One of the intriguing aspects of this quarter's meeting was Bezos talking about 'perfect information' and 'transparent business'. If I understand it correctly, perfect information has to do with the inescapable flow of information and how a business should align themselves with this natural tendency rather than try to fight it. Comparison shopping is an example where consumers want to look at competitive prices and no amount of hiding the truth is going to help - somebody somewhere is going to invent a simple utility that makes it easy. There are already wireless gadgets that help you look up UPC codes on comparison shopping sites - even checking availability at Amazon - to help you make an informed buying decision. The great thing about Amazon is that we recognize that this is a Good Thing and also that we are lined up and positioned to benefit from this, while many other retailers aren't.

I didn't get the chance to ask whether 'transparent business' meant that Amazonians should open up and start blogging, but I'll just take the hint and Just Do It.

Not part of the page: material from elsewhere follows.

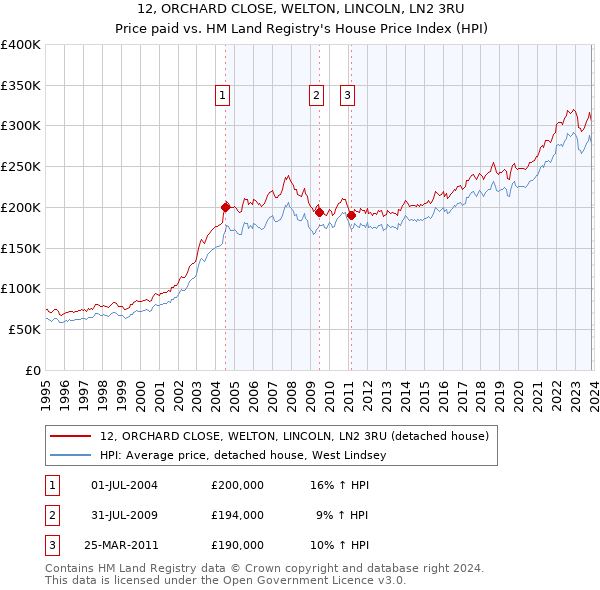 12, ORCHARD CLOSE, WELTON, LINCOLN, LN2 3RU: Price paid vs HM Land Registry's House Price Index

Another interesting thing coming out of this employee meeting was the kind of cool stuff Amazon is going to do over the next two months on the retail sites around the world. We've always had a creative approach to marketing. For example, rather then spend a huge chunk of cash on legacy marketing tactics - tv ads - Amazon plows that money back toward the customer via Free Shipping. Everybody I know that shops at Amazon recognizes that this is a more effective means of 'advertising' than advertising. This year Amazon has put some money into other creative forms of connecting with consumers over the Internet - not at all a 'sales/marketing' type of thing. I think people will enjoy it and hopefully there will be a lot of discussion around the Web in the weeks to come. Take a look at the site next Monday & see if it's up there yet.